労働者こそが、社会のすべての生産と交通を動かしている。自分の労働を労働者が資本家階級から奪い返し、職場を支配した時、労働者にできないことはない。労働者が軸となってあらゆる人民諸階層を結集すれば、全世界を変えることができるのだ。
核兵器の真の目的は巨大な破壊力で労働者に無力感を与え、自らの団結ではなく、外部の力に依存させることだ。「核には核で対抗」という北朝鮮も、この団結に敵対している。労働者の世界的団結こそ、核戦争を阻止する力だ。
トランプは1月23日、建設労組委員長シーン・マクガーベイ、レイバラーズ(土木建設関係)労組のテリー・オサリバン、SMART(板金工・航空・鉄道)労組のジョゼフ・セラー、カーペンターズ(建築)労組のダグ・マッカランと会談した。別の日には、AFL―CIO(米労働総同盟・産別会議)会長リチャード・トラムカとチームスターズ(トラックなど)のジム・ホッファとも会っている。
新たな労働運動アメリカで台頭
注目すべきことは、SMARTの鉄道部門にはRWU(鉄道労働者統一委員会)という階級的フラクションが存在していることである。14年には、執行部が丸のみした「貨物列車の一人乗務化」の労働協約案が、RWUが組織した運動でひっくり返されている。カーペンターズ、レイバラーズやチームスターズなどは悪名高い右派労組だが、そこにも非常に強力な反対派フラクションが存在する。チームスターズでは、90年代に組合員選挙で戦闘的なフラクションが執行部を奪取し、世界最大の宅配会社UPSのストライキを勝利に導いた。だが、当時のクリントン政権(民主党)が「選挙違反」をデッチあげて委員長を解任し、右派のホッファが取って代わった。
こうしたランク&ファイル組織化運動の激戦場で、トランプが必死に右派既成指導部にてこ入れしている。自分自身、偽装倒産や賃金踏み倒しなどを繰り返してきた資本家であり、労働者の怒りと団結のこわさを身にしみて知っているからだ。
TPP(環太平洋経済連携協定)反対運動は、もともとランク&ファイル運動が組織していた。外注化・生産拠点の移転=労組破壊と侵略の道具であるNAFTA(北米自由貿易協定)と闘ってきた経験から、TPPに対しても早くから反対してきた。それは、新自由主義反対と国際連帯に貫かれたものだった。

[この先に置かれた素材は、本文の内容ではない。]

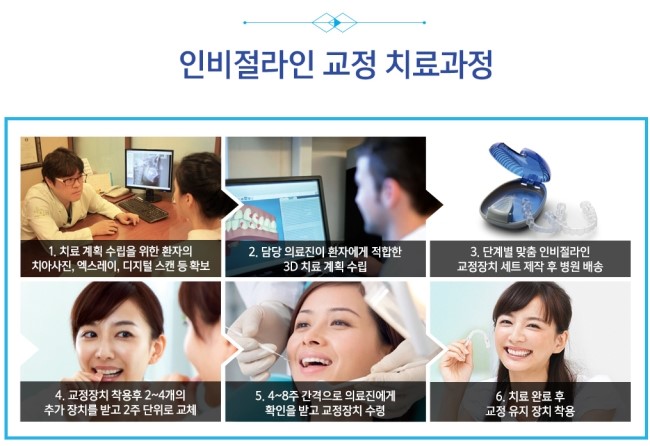 투명교정 인비절라인으로 티 안나게 교정하세요 관련 이미지 4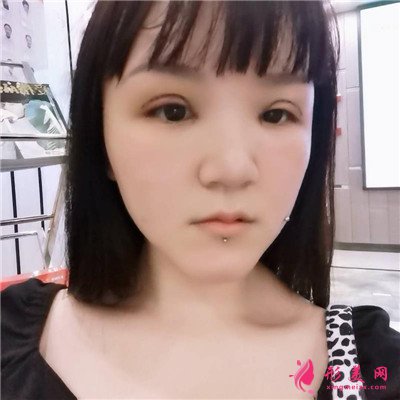 重慶切開雙眼皮術(shù)后恢復(fù)情況分享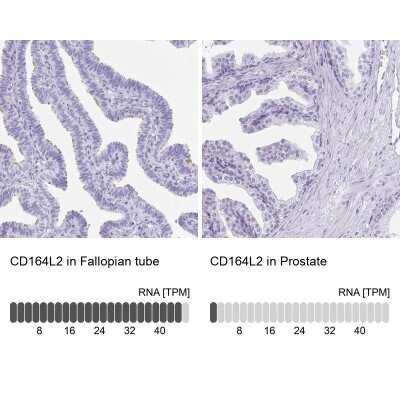 Immunohistochemistry-Paraffin: CD164L2 Antibody [NBP2-38010]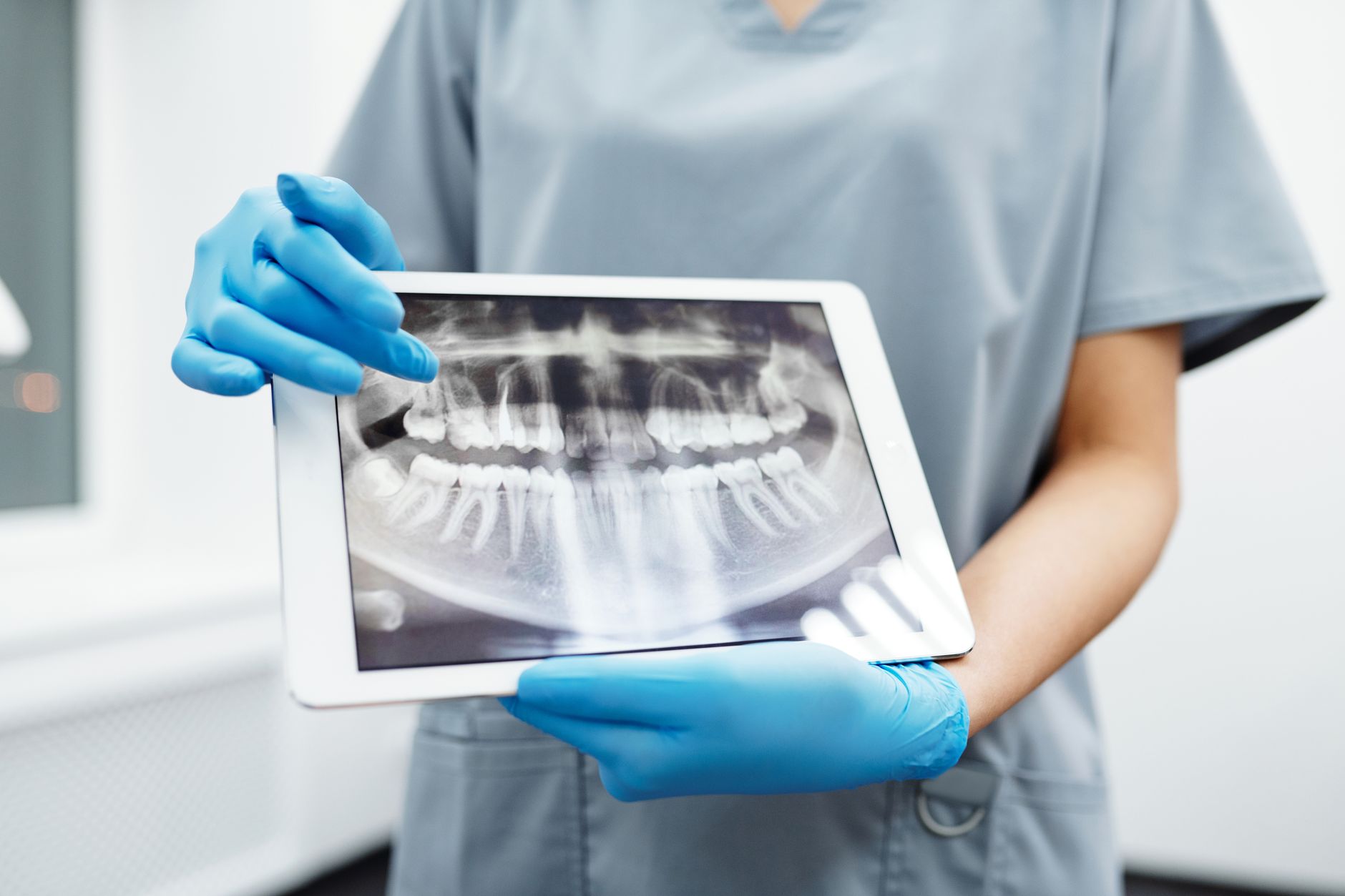 Your Tooth Is Trying to Tell You Something: 7 Signs It Might Need a Root Canal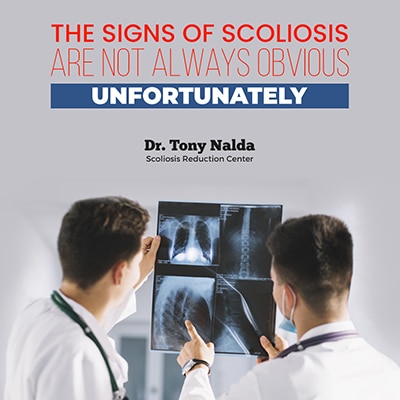the signs of scoliosis are not always small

だが労働運動の右派既成指導部は、民主党のクリントン政権が推進したNAFTAへの労働者の怒りの爆発が二大政党制の崩壊につながることを恐れ、自分たちもNAFTA反対を言い出した。しかし、「仕事をメキシコ人に取られることに反対」という排外主義にねじ曲げたのだ。そういう意味で、「NAFTA反対」「TPP反対」は、彼らにとっても死活のかかったテーマである。

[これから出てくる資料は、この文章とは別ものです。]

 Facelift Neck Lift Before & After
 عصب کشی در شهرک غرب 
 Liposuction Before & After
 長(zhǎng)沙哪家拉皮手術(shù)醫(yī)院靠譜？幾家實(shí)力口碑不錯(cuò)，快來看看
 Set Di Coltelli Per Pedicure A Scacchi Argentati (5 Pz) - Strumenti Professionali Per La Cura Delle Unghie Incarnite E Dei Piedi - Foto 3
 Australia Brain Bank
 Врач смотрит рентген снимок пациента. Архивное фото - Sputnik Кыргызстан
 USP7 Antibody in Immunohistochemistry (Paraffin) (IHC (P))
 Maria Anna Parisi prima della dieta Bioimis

安倍は国会答弁で「TPPが不可欠であるとトランプを説得する」と述べたが、トランプにそのような余裕はまったくない。共同声明には、トランプが表明したTPP永久離脱のことだけが書き込まれた。そして二国間の直接的な経済交渉が行われるという。
こうした中で、日米帝国主義は互いに激突しながらも共同で戦争、核戦争へ突入しようとしている。労働者の国際的な団結=世界革命だけがこの戦争を阻止する力だ。